Provided records =>
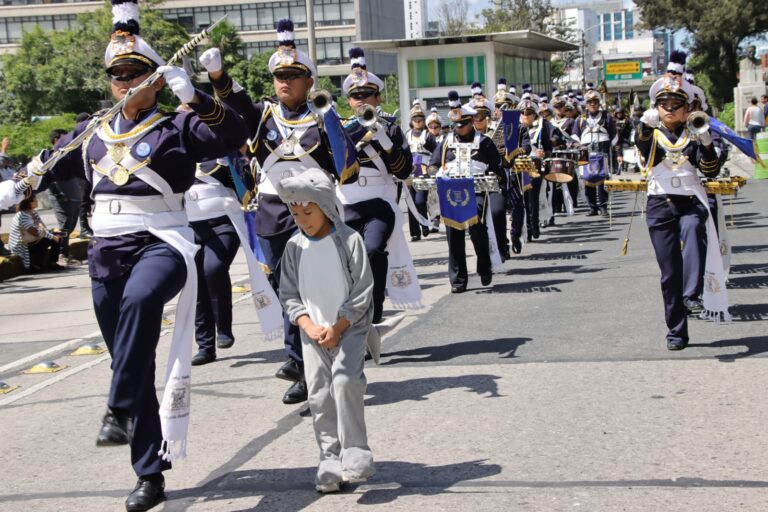 Desfile de la PNC 008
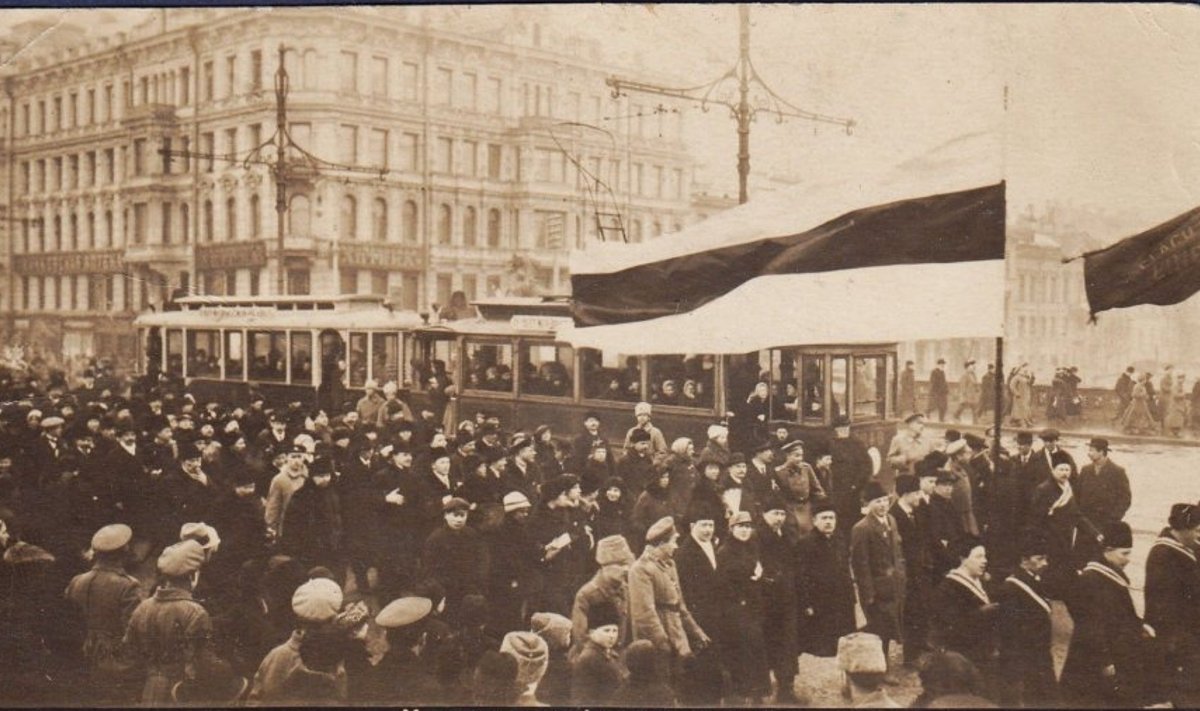 1917. a eestlaste meeleavaldus Petrogradis (Peterburis).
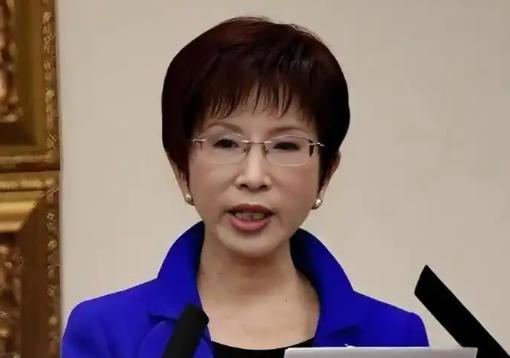 有种预感，洪秀柱这次是真豁出去了！
 
77岁高龄，本可安享晚年，却在国民党大会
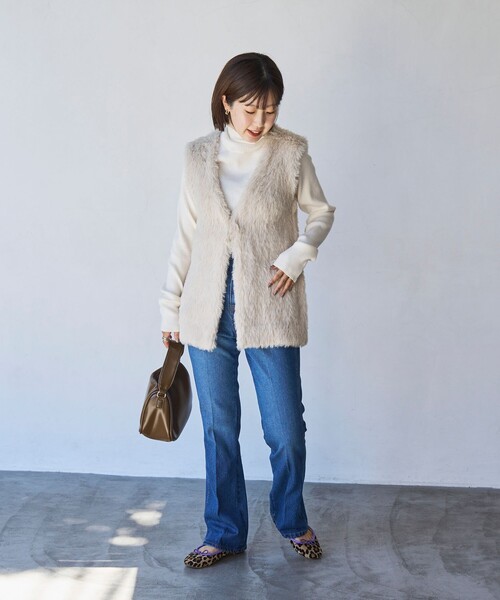 coen(コーエン)の「フレアデニムパンツ(デニムパンツ・レディース・ブラック/コバルトブルー・S/M/L)」の5枚目の写真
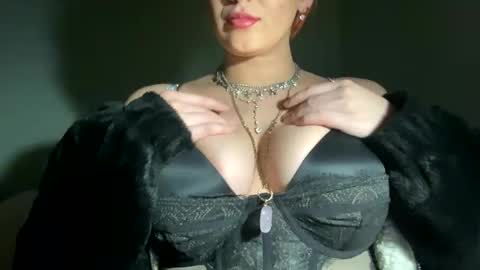 Snapshot of crystalyn777 chatting on 02-22-26, 06:13 crystalyn777 online show from 02-22-26, 06:13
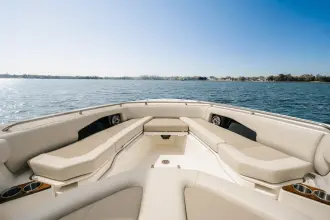 Thumbnail von Boston Whaler 360 Outrage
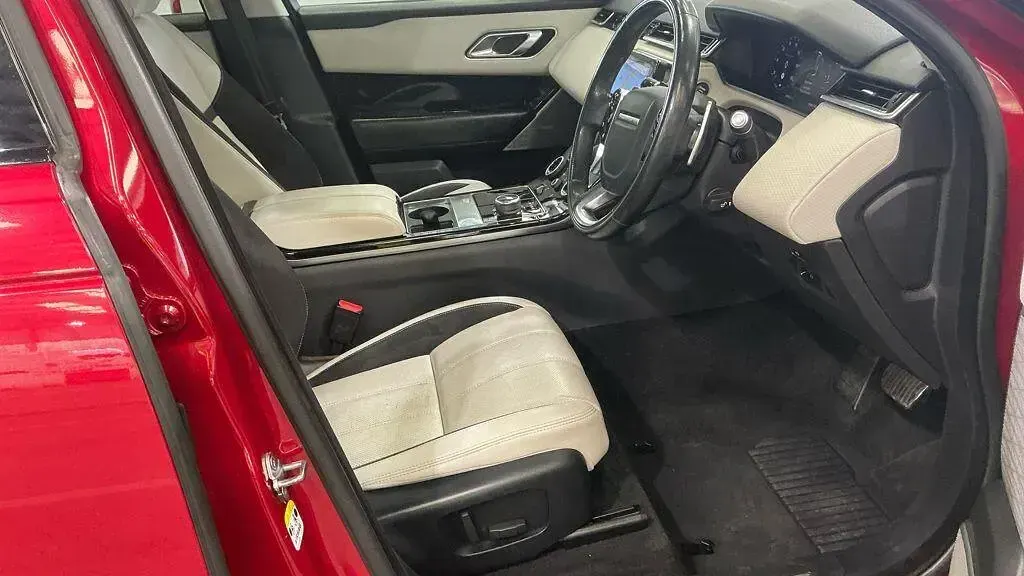 Used Land Rover Range Rover Velar SE Dynamic 2017 Red SUV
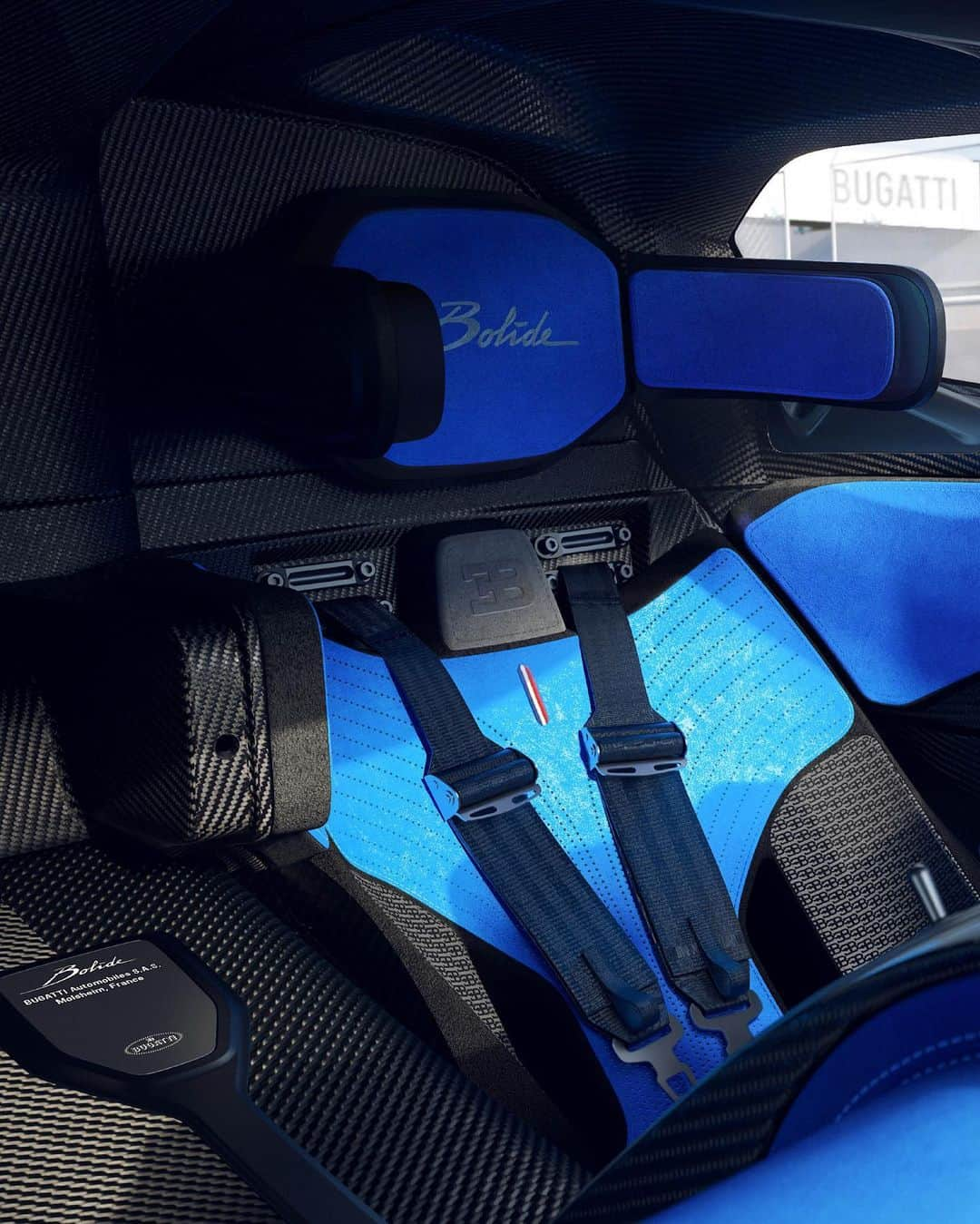 ブガッティさんのインスタグラム写真 - (ブガッティInstagram)「Tailored specifically for on-track driving, the BOLIDE’s multi-pad seats are precisely layered directly onto the monocoque, ensuring an unwavering connection is made between the pilot and their BUGATTI hyper sports car.  The BOLIDE interior is a entirely unique experience – four seating size options deliver a cocoon-like fit, whilst bespoke materials personalisation ensures a seamless fusion of individuality and performance.  #BUGATTI #BOLIDE – WLTP: bugatti.link/consumption」11月24日 0時11分 - bugatti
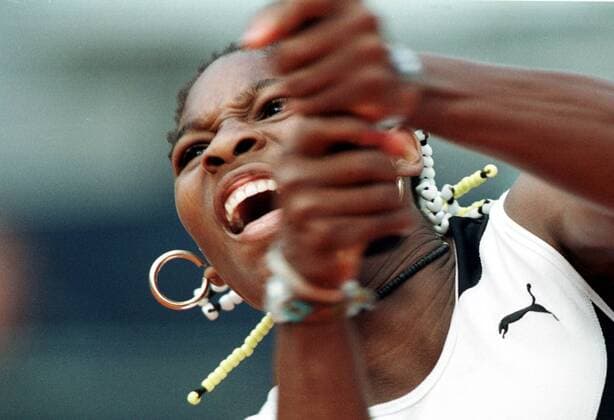 Serena Williams (USA) - mit vollem Einsatz Tennis Damen German Open 1999, WTA-Tour, Sand, Sandplatz, Sandplatzturnier Einzelbild An der Hundekehle Berlin Dynamik, Kampf, Kraft,
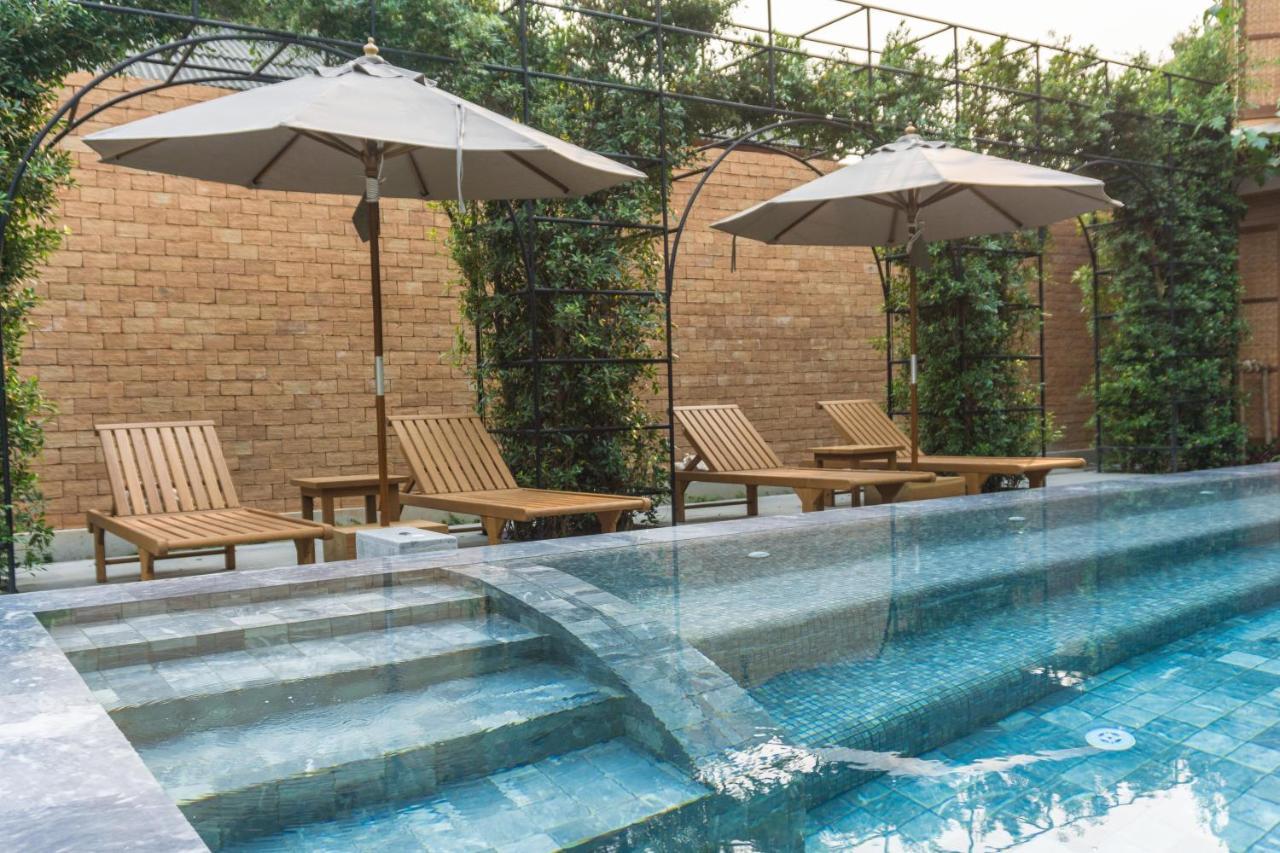 Resort Village Boutique 4*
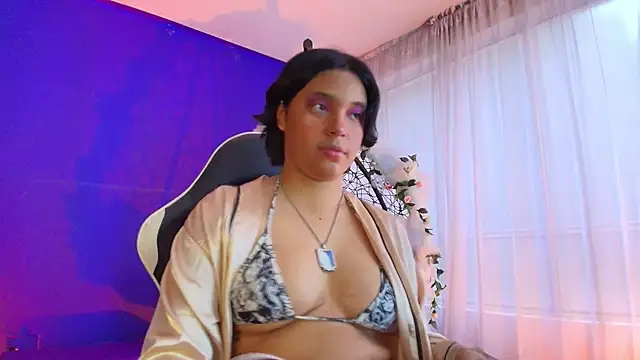 Emmapark  online show from 02-18-26, 06:37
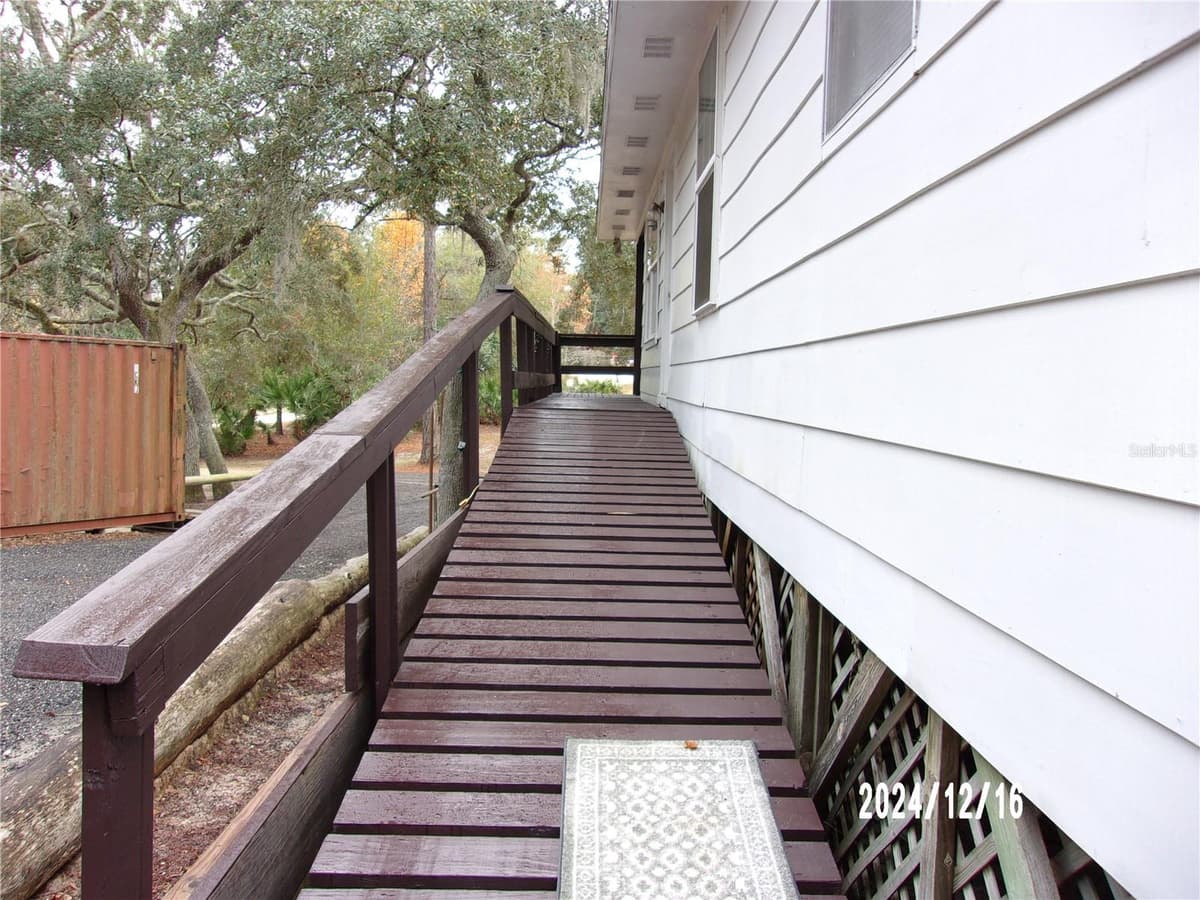 17935 10TH PLACE — photo 36 of 96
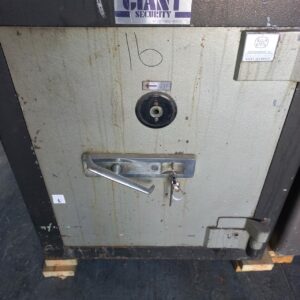 1 x GIANT SAFE with Keys (CPT)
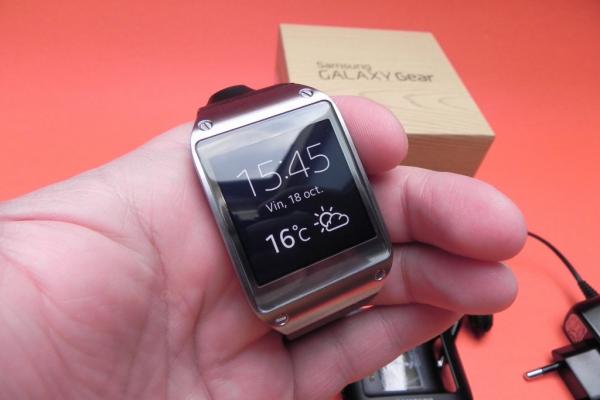 Samsung revine la smartwatch-urile cu ecran dreptunghiular, o abordare primită cu entuziasm în cadrul companiei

Problem => Set down every line above exactly, pictures excluded.

Exercise solution =>
 Desfile de la PNC 008
 1917. a eestlaste meeleavaldus Petrogradis (Peterburis).
 有种预感，洪秀柱这次是真豁出去了！
 
77岁高龄，本可安享晚年，却在国民党大会
 coen(コーエン)の「フレアデニムパンツ(デニムパンツ・レディース・ブラック/コバルトブルー・S/M/L)」の5枚目の写真
 Snapshot of crystalyn777 chatting on 02-22-26, 06:13 crystalyn777 online show from 02-22-26, 06:13
 Thumbnail von Boston Whaler 360 Outrage
 Used Land Rover Range Rover Velar SE Dynamic 2017 Red SUV
 ブガッティさんのインスタグラム写真 - (ブガッティInstagram)「Tailored specifically for on-track driving, the BOLIDE’s multi-pad seats are precisely layered directly onto the monocoque, ensuring an unwavering connection is made between the pilot and their BUGATTI hyper sports car.  The BOLIDE interior is a entirely unique experience – four seating size options deliver a cocoon-like fit, whilst bespoke materials personalisation ensures a seamless fusion of individuality and performance.  #BUGATTI #BOLIDE – WLTP: bugatti.link/consumption」11月24日 0時11分 - bugatti
 Serena Williams (USA) - mit vollem Einsatz Tennis Damen German Open 1999, WTA-Tour, Sand, Sandplatz, Sandplatzturnier Einzelbild An der Hundekehle Berlin Dynamik, Kampf, Kraft,
 Resort Village Boutique 4*
 Emmapark  online show from 02-18-26, 06:37
 17935 10TH PLACE — photo 36 of 96
 1 x GIANT SAFE with Keys (CPT)
 Samsung revine la smartwatch-urile cu ecran dreptunghiular, o abordare primită cu entuziasm în cadrul companiei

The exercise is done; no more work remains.